Avoiding such a situation in Mauritius was perhaps the main concern of Government and the Opposition on Tuesday last when Parliament voted the THE HUMAN TISSUE (REMOVAL, PRESERVATION AND TRANSPLAN) AMENDMENT BILL
But to what extent can legislation prevent the sales of human organ? For how long will doctors stick to their ethical beliefs in our island where rapid enrichment has become the order of the day?
When documentary film maker Ric Esther Bienstock began work on her new documentary, Tales from the Organ Trade, her staunch opinion was that sales of human organ are morally inacceptable and constitute a crime.
But as the Canadian delved into the estimated $600-million-a-year black market of human organ trafficking, her opinion changed. Her journey into the clandestine world of poor organ donors, sordid middle men who coordinate transactions, mercenary surgeons and desperately ill patients who pay as much as $100,000 for a kidney, shook her ethical certitude.
Bienstock ended with a different viewpoint : “If I knew that I was going to lose my house and, by selling a kidney, I could keep it and save someone else’s life, would I do it? I think I would,”she said openly.

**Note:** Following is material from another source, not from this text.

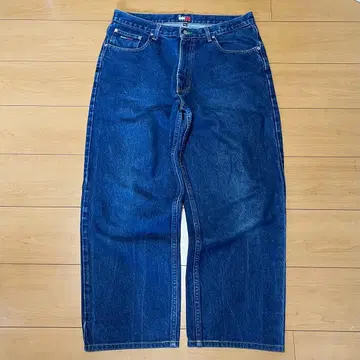 80s~90s 빈티지 타미 진스 와이드 배기 데님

Mauritius met with a huge success in its endeavor to ban sales of blood on the island. Some doctors might still remember how, in the past, middle men and donors crowded the entrance of hospitals looking for those poor parents in dire needs of blood transfusion for their loved ones. Those were the days of professional blood donors, when blood was exchanged for huge sums of money, depending on the blood group.
These ugly scenes have been wiped out and 100 % of all blood used to-day in the country come from voluntary donation.
Can Mauritius have the same success with organ donation? It would be a harder enterprise, for rich people are ready to pay a very high price for organs. Things might become more difficult as more and more of our doctors turn into mercenaries , working for money and only money.
But wherever human organ trafficking (H.O.T., which is in fact the title of a famous documentary on organ trafficking) has cropped up, it has been helped by a database easily available to traffickers. Things have gone so wrong in some countries that people are afraid to give their blood in fear that they might find themselves on the list of highly sought for compatible donors.
In some parts of India for example, people who have rare blood groups, such as the Bombay group, live in fear of being abducted for their organs removed against their will in makeshifts clinics. One out of one million people in Europe belong to this rare blood group.
In 2007 Ravindranath Seppan, of the Chennai Doctors' Association for Social Equality has admitted: "India's rich are turning to India's poor to live longer."
But Mauritius is not India and we have the means to curtail HOT if the minister takes the right action on the onset. Voting the bill in parliament has been a first step, but the most difficult lies ahead for Mauritius is very ill-prepared for organ transplant on a large scale.